Of course, they were not losing either power or influence because of liberalism or Communism. And I strongly suspect that the leaders at the top knew very well that those boogeymen had nothing to do with their losses.
Evangelical leaders decided that what they really needed was a scary enemy to drive Americans back to church, as well as a powerful inducement to Americans to affiliate with Christianity–and to do so with their version of it.
They needed Americans to view their religious and spiritual devotions as forms of patriotism. They needed Americans to think that “God” wanted America to be dominant and triumphant over their enemies and to become wealthy, healthy, happy, and privileged–but that he would withhold that success and maybe even punish America until its citizens gave him obedience.
In other words, what they needed was a successful culture war that would get people back into line and shore up their waning power base.
Does any of this sound familiar?
Because it should.
Christian Dishonesty.
According to these self-appointed guardians of prayer on their own “Task Force” website, the setting-aside of this day as one devoted to prayer “stands as a call for us to humbly come before God, seeking His guidance for our leaders and His grace upon us as a people.” They further state that the day “belongs to all Americans.”
Both of these assertions are wicked lies. Here’s how we know:
1. The National Day of Prayer does not in fact belong to “all Americans.”
Their page states that the day is “Judeo-Christian” in “expression,” but even more than simply being Judeo-Christian, the day is and always has been fundagelical in scope and in practice. As the Religion News Service points out, this day belongs to right-wing Christians. Other kinds of Christians will be baffled by the uniquely over-nationalistic (even jingoistic) slant of the rhetoric on this page, its persecution fantasizing, and its quote-mining.*
Liberal Christians, social-justice-oriented Christians, and education-respecting and science-embracing Christians need not apply. They were seen as suspiciously Communist in the 1950s by the Christians crusading for a National Day of Prayer in the first place, and they are seen as even worse today: as “not real Christians,” as being too “conformed to this world.”
When one peruses the NDP’s events page, one will encounter groups like Cry Out America, whose members appear to think that talking to the sky/ceiling will result in a decrease in “same-sex relations” and “out of wedlock children.” Their “cabinet” is filled with fundagelicals, though they try hard to make their group look a little less obviously so.
The rest of the NDP event organizers are all pretty much of a muchness.
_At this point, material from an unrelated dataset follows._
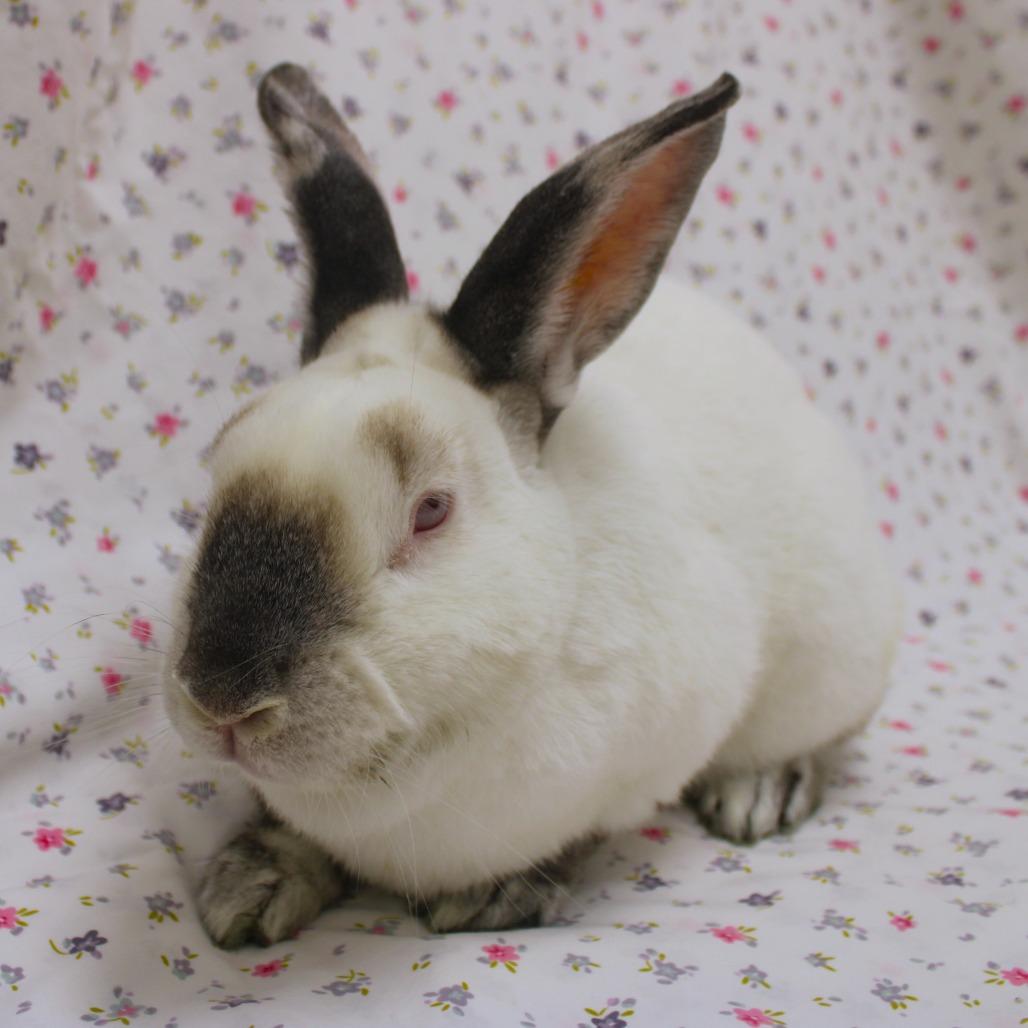 Leon, Adoptable, Adult Male Californian.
You’ll find a lot of big fundagelical names and celebrities among their leaders and speakers, starting with James Dobson (of Focus on the Family) and going down the line of right-wing pastors and media personalities to include future NDP leader Anne Graham Lotz, the daughter of the evangelist who started it all–fundagelicals are a rather dynastic lot, aren’t they?
I did scare up some stuff about a Messianic Jew who did some of the praying, but that was it. The National Day of Prayer belongs to TRUE CHRISTIANS™, and to them alone.
2. They’re not being honest about what purpose the National Day of Prayer serves.
If you ask just about any fundagelicals what they think about prayer in general, chances are you’ll get back an answer very similar to the one I’d have given as a young Christian, years ago: it’s a way to contact “God” directly and communicate with the eternal, living deity who created and orders the entire universe and who even today deeply hungers for our love and devotion.
I thought of prayer as the red Bat-Phone to my god. At first at least, I believed that prayer really did stuff. I even believed for a long time that it was a way of fighting against the forces of darkness. It took a long time before I realized that it really doesn’t do anything outside of people’s own heads.
Many Christians go to their graves convinced that prayer affects the real world somehow.
Those are the Christians who are largely responsible for hypocritical travesties like the National Day of Prayer.
It’s ridiculous to think that Christians would ever imagine needing a day set aside for praying. They should be praying every day already. I’d dare say that the whole reason they need the government to show illegal deference to their beliefs in the first place is that they don’t pray enough.
They don’t really do much at all that they claim to believe is important. Christians don’t study their Bibles much, don’t pray a lot, don’t attend church nearly as often as they claim they do, and don’t do much of anything else that they act like they’re totally convinced their god wants people to do. This is all stuff they claim is is good for them, is supernaturally and magically effective, and is even a requirement for avoiding Hell!
So why aren’t they doing it more often?
Why do they need a day to be illegally set aside for it by the very government in order to emphasize its importance?
Why, indeed.
What the NDP is Really About.
What this day is really about is grandstanding.
Making a show of tribal force.
Demonstrating dominance.
Reminding everyone else that fundagelicals are America’s Designated Adults and that nobody can stop them from any overreach they care to commit.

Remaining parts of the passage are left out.